MariaDB is a community-developed fork of the MySQL relational database management system. It is completely compatible with MySQL and could be use as a drop-in replacement in the vast majority of cases.

More documentation#

The following documentation specifically intended for using MariaDB on Sherlock. For more complete documentation about MariaDB in general, please see the MariaDB documentation.

MariaDB on Sherlock#

We don't provide any centralized database service on Sherlock, but we provide a centralized installation of MariaDB, and each user is welcome to start their own instance of the database server to fit their jobs' needs.

The overall process to run an instance of MariaDB on Sherlock would look like this:

  1. configure and initialize your environment so you can start a database instance under your user account,
  2. start the database server,
  3. run SQL queries from the same node (via a local socket), or from other nodes and/or jobs (via the network).

Single-node access#

In that example, the database server and client will run within the same job, on the same compute node.

Preparation#

You first need to let MariaDB know where to store its database, where to log things, and how to allow connections from clients. The commands below only need to be executed once.
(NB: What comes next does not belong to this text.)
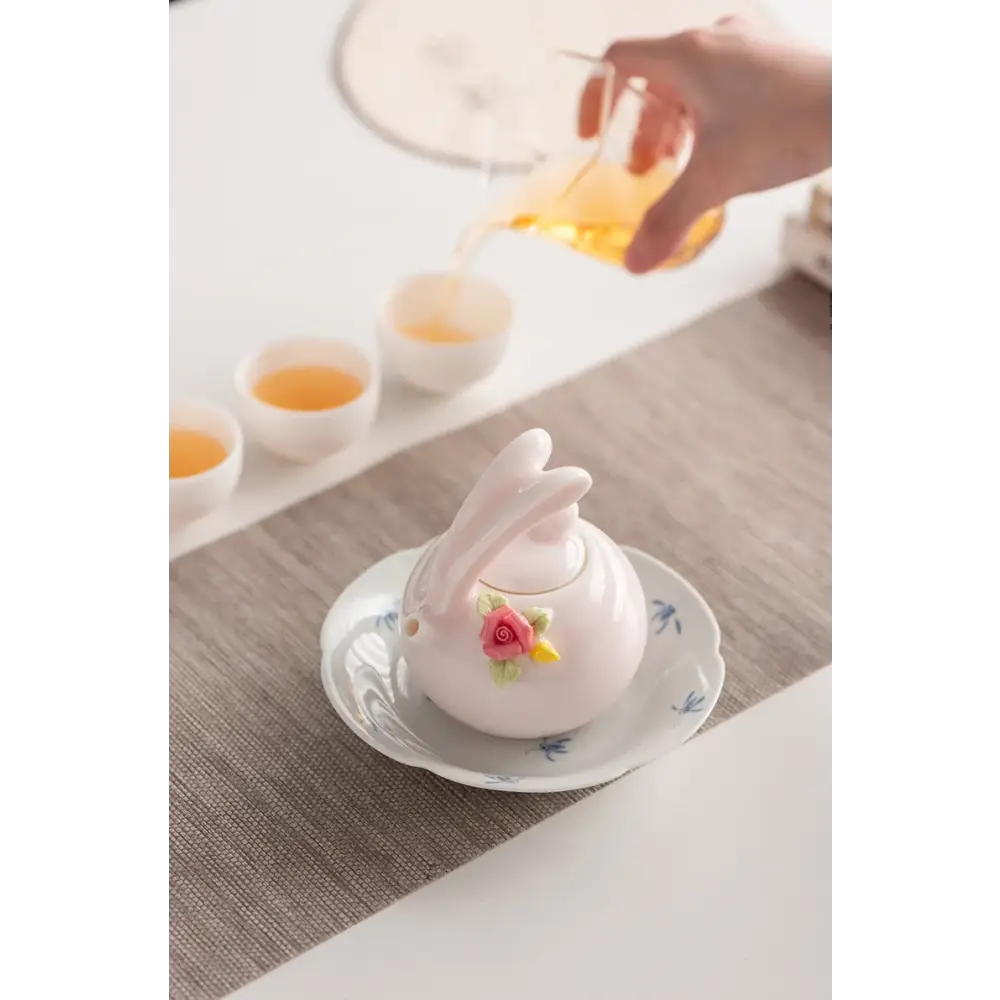 Théière en Porcelaine Lapin Rose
For this, you'll need to create a .my.cnf file in your home directory. Assuming you'll want to store your database files in a db/ directory in your $SCRATCH folder, you can run the following commands:

$ export DB_DIR=$SCRATCH/db
$ mkdir $DB_DIR

$ cat << EOF > ~/.my.cnf
[mysqld]
datadir=$DB_DIR
socket=$DB_DIR/mariadb.sock
user=$USER
symbolic-links=0
skip-networking

[mysqld_safe]
log-error=$DB_DIR/mariadbd.log
pid-file=$DB_DIR/mariadbd.pid

[mysql]
socket=$DB_DIR/mariadb.sock
EOF

.my.cnf doesn't support environment variables

Please note that if you edit your ~/.my.cnf file directly in a file editor, without using the HEREDOC syntax above, environment variables such as $DB_DIR, $HOME or $USER won't work: you will need to specify absolute paths explicitly, such as /scratch/users/kilian/db/mariadbd.log.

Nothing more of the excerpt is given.